General Atomics Aeronautical Systems, Inc. (GA‑ASI), a leading manufacturer of Remotely Piloted Aircraft (RPA) systems, radars, and electro-optic and related mission systems solutions, today announced that the High-Energy Liquid Laser (HELLADS) completed the U.S. Government Acceptance Test Procedure and is now being shipped to the White Sands Missile Range (WSMR), New Mexico. At WSMR, the laser will undergo an extensive series of live fire tests against a number of military targets. The HELLADS Demonstrator Laser Weapon System (DLWS) is designed to demonstrate the efficacy of a tactical laser weapon in counter-Rocket, Artillery, and Mortar (CRAM), counter-Air and counter-Missile applications, as well as a number of special applications. The 150 kW Class HELLADS laser has been developed over a number of years to create a completely new approach to electrically-powered lasers with sufficiently low size, weight, and power consumption to enable deployment on a number of tactical platforms.

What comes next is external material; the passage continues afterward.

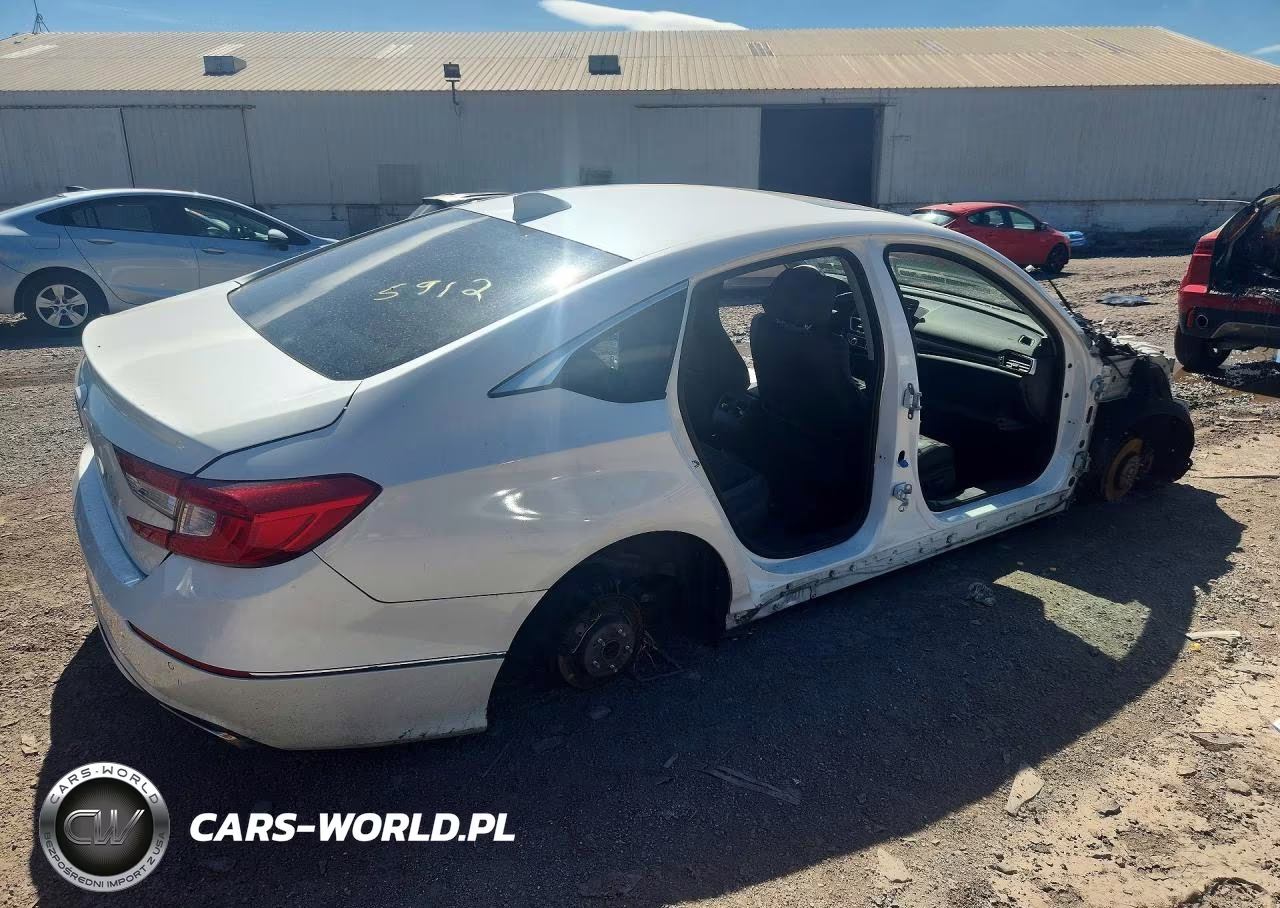 2018 Honda Accord Touring VIN:1HGCV1F99JA064089 - 3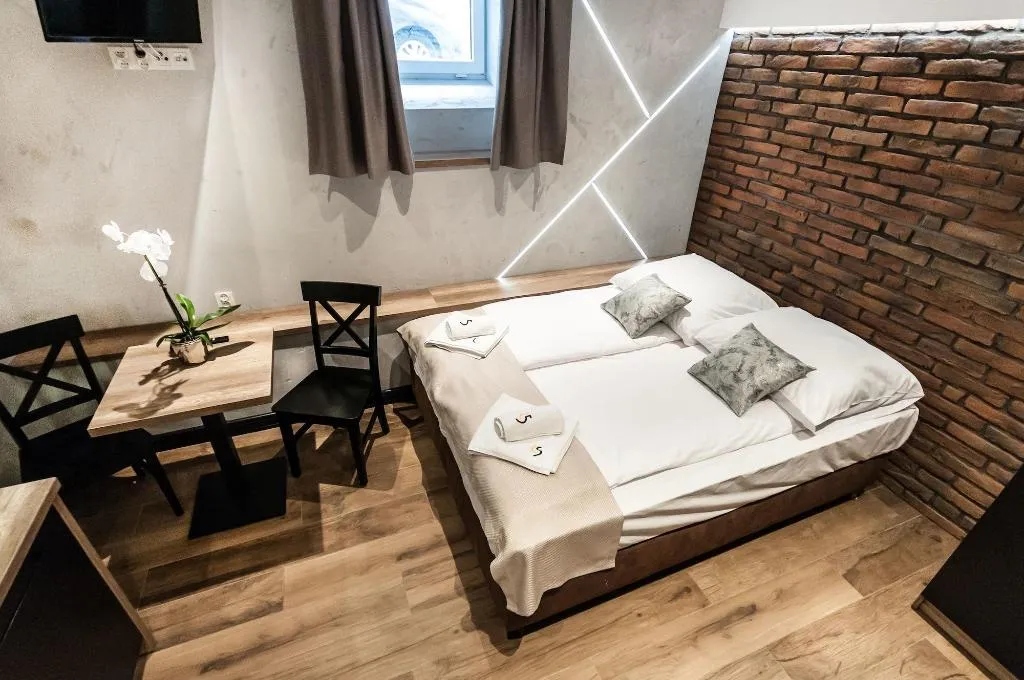 Room, Apartamenty L5, Krakow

“HELLADS represents a new generation of tactical weapon systems with the potential to revolutionize sovereign defenses and provide a significant tactical advantage to our war- fighters,” said Linden Blue, CEO, GA-ASI. “It is remarkable to see high-power laser technology mature into an extremely compact weapons system and be deployed for field tests. It will be even more remarkable to witness the impact that this will have on U.S. Defense capability.
The HELLADS laser was developed through a series of stage/gate phases beginning with a physics demonstration and progressing through a series of laser demonstrators at increasing power levels. At each stage, DARPA required beam quality, laser power, efficiency, size, and weight objectives to be demonstrated. The program also developed the world’s highest brightness laser diodes, compact battery storage, and thermal storage systems, and improved the manufacturing process and size of specialized laser materials and optics.
The HELLADS DLWS holds the world’s record for the highest laser output power of any electrically-powered laser. Dr. Michael Perry, vice president of Laser and Electro-Optic Systems for GA-ASI, credits DARPA with a unique capability to foster, nurture, and support such a development.
“The HELLADS team of program managers, technical support, and DARPA senior management has worked to address the challenges of developing a completely new technology. Additionally, if it were not for the hard work of our scientists and engineers, we could not have succeeded.”
“This is the most challenging program that I have been associated with,” said David Friend, HELLADS Program Manager, GA-ASI. “This program has advanced the state-of-the-art in so many areas.”
The pioneering HELLADS DLWS represents the first generation of the technology. Through other U.S. Government programs separate from the DARPA-supported work, GA-ASI has demonstrated, second and third Generation versions of the technology which significantly increase the efficiency and reduce the size, weight, and power consumption for the system while increasing the beam quality. The third Generation system is currently being incorporated into a Tactical Laser Weapon Module designed for integration into both manned and unmanned aircraft systems.
“Even as we begin development of the fourth Generation system, I am looking forward to seeing HELLADS perform in the live fire tests,” said Dr. Perry. “The laser technology is a means to an end. What matters is the new and cost-effective capability that we can bring to our country.”